All the heart and gaiety had already been struck out of the ladies. The Chevalier’s dejected air, so strange to his careless and irrepressible spirit, was the most telling comment on the menace in his news. To the angry indignation and rapid questions of the ladies he now replied with melancholy brevity. The King was infatuated and obdurate, and Madame de Pompadour was plainly determined to make him the instrument of her vulgar vengeance.

“She has captured the King,” the young man remarked in his gloomiest tones. “She will now coerce the Queen. Her ambition is to be mistress of the robes and thus to rule all Versailles.”

The mere suggestion of such an outrage on precedent and etiquette made the ladies speechless with horror. A bourgeoise mistress of the robes! It was unthinkable—blasphemous. As if her Majesty in dressing could take even the simplest garment except from the hands of a princess of the blood or of a duchess.

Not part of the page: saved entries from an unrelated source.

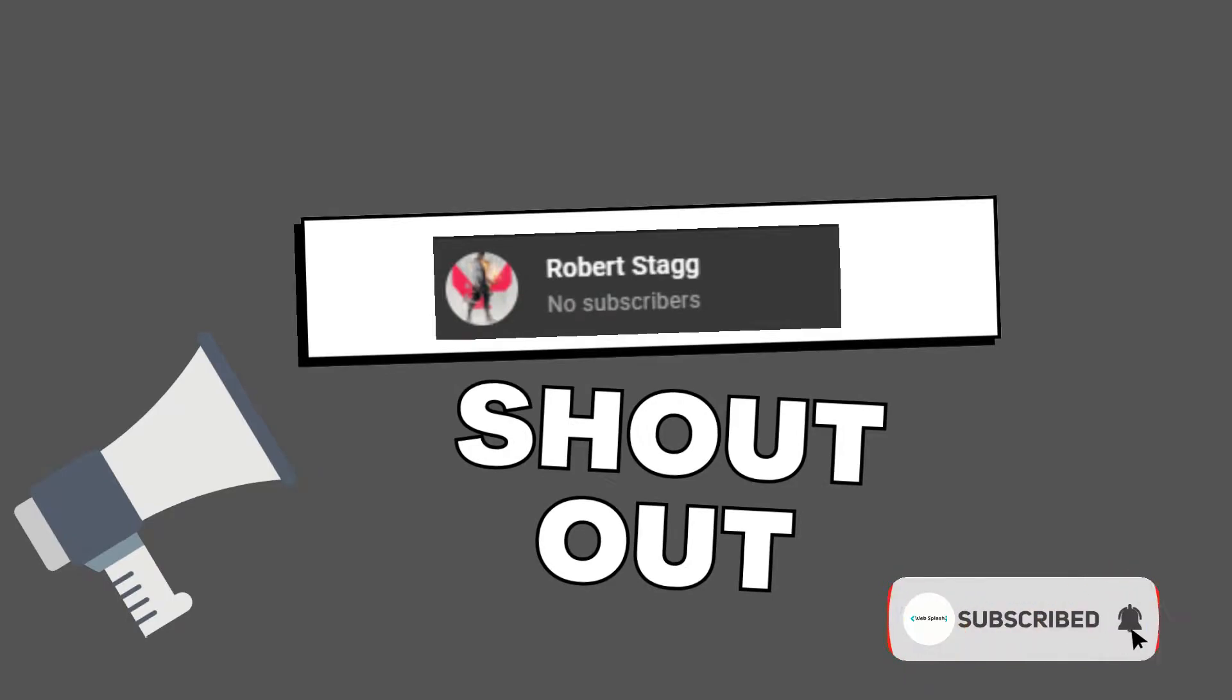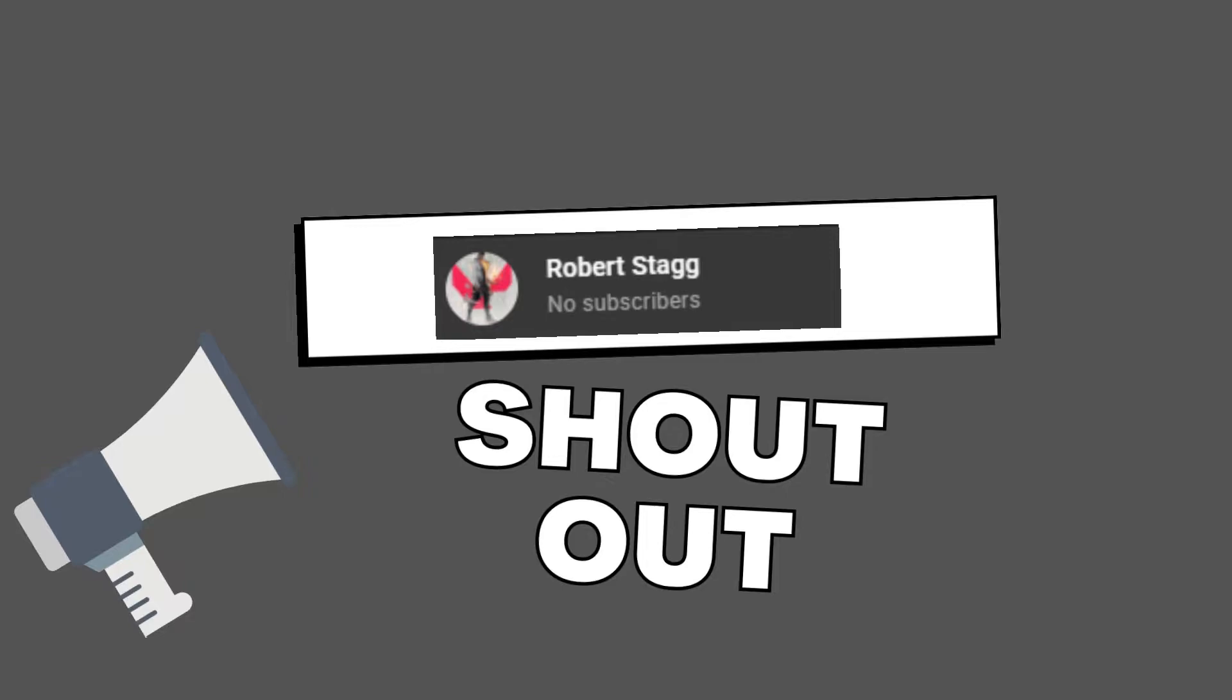Before starting the video, smash the subscribe button and hit the notification bell for more updates. I always give random shout outs to my subscribers, so today's shout out goes to Robert. Thanks for subscribing.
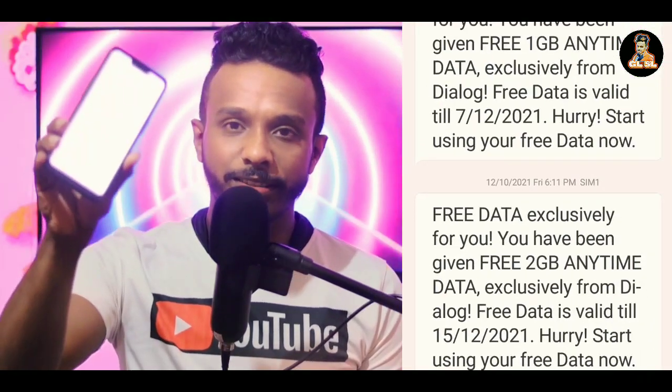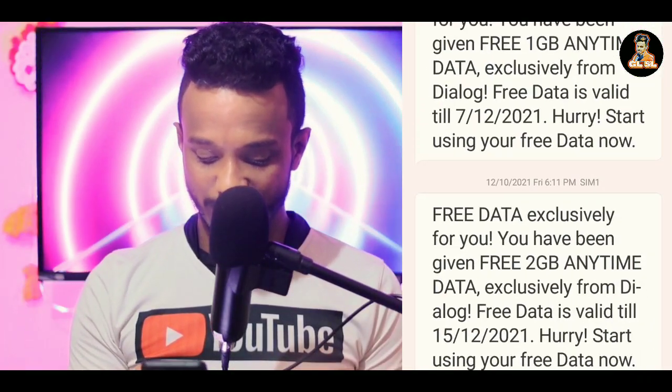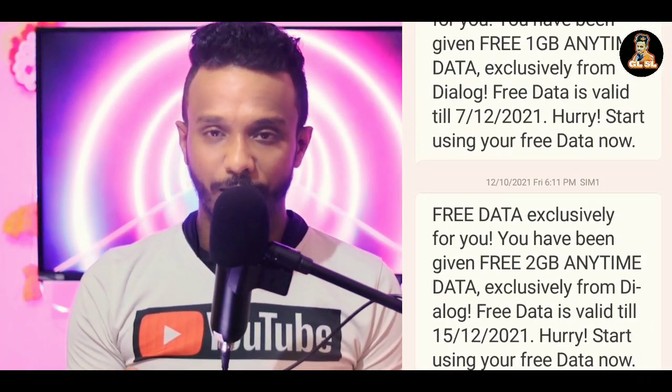Hi guys, I'm from the GLSL YouTube channel. In December, we are going to cut 2GB data. This is your message lab.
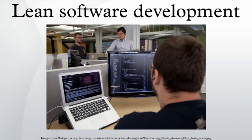References: Ladas, Corey. Scrumban: Essays on Kanban Systems for Lean Software Development. Modus Cooperandi Press. ISBN 0-578-00214-0. Ries, Eric. The Lean Startup: How Today's Entrepreneurs Use Continuous Innovation to Create Radically Successful Businesses. Crown Business. ISBN 978-0307887894.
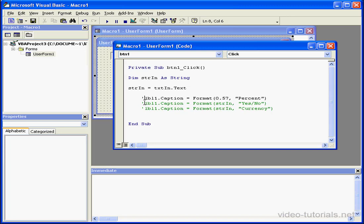Now let's comment this line out. Next, we'll check the yes-no argument.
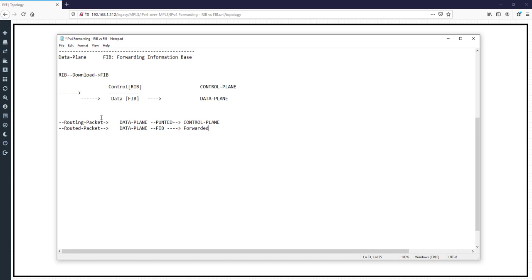I'm reviewing these topics, which you should know from previous courses. In a router, we have two tables: RIB, which you can check with the 'show ip route' command, and FIB, which you can check with the 'show ip cef' command. CEF stands for Cisco Express Forwarding, which is Cisco's proprietary method for forwarding user data, or routed packets, in the data plane using the FIB.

“You forget, Madame,” the Chevalier remarked drily, “that the King’s will is law. Le Roi gouverne par lui-même.

They were the words of Louis XIV. To-day they can still be read as the motto of Le Roi Soleil in the centre of the superb ceiling of that Galerie des Glaces at Versailles which enshrines for all generations the imperial ambitions of the king who made it. Arrogant words, but true.

The antechamber became gradually deserted. The Chevalier stood at the window watching the gathering gloom. His dejection was not acting. His boyish face was almost tragic in its gravity. Presently he rose and began to pace up and down, wrestling with his thoughts, until he became suddenly aware that Denise had re-entered and was looking at him in questioning silence.

“Mademoiselle,” he advanced to meet her. “I have no comfort for you. Before long I shall be bidding you adieu for ever.”

Her eyes invited an explanation, but she said nothing.

“I speak seriously,” he proceeded. “You and your friends, Mademoiselle, are aware that I am with you heart and soul in the desire to overthrow this woman who will ruin us all. I have been able in the past, as you know, to do some service to the cause by bringing you information that I learned as His Majesty’s confidential secretary. At your request I have to the best of my power abstained from appearing publicly to be of your party, for His Majesty is suspicious and jealous. But I fear from to-day my services must end.”

“Why?” The single word revealed both anxiety and sympathy.